───── RAW DATA ─────
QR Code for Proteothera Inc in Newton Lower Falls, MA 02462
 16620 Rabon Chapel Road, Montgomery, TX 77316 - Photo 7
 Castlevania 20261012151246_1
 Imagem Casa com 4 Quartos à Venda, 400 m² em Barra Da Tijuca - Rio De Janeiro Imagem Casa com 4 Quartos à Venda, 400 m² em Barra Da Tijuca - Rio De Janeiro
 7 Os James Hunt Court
─────
## PROMPT
Reproduce exactly the line containing "Castlevania 20261012151246_1" and every line after it through the end of the records above, and nothing else.

## SOLVED PROBLEM
 Castlevania 20261012151246_1
 Imagem Casa com 4 Quartos à Venda, 400 m² em Barra Da Tijuca - Rio De Janeiro Imagem Casa com 4 Quartos à Venda, 400 m² em Barra Da Tijuca - Rio De Janeiro
 7 Os James Hunt Court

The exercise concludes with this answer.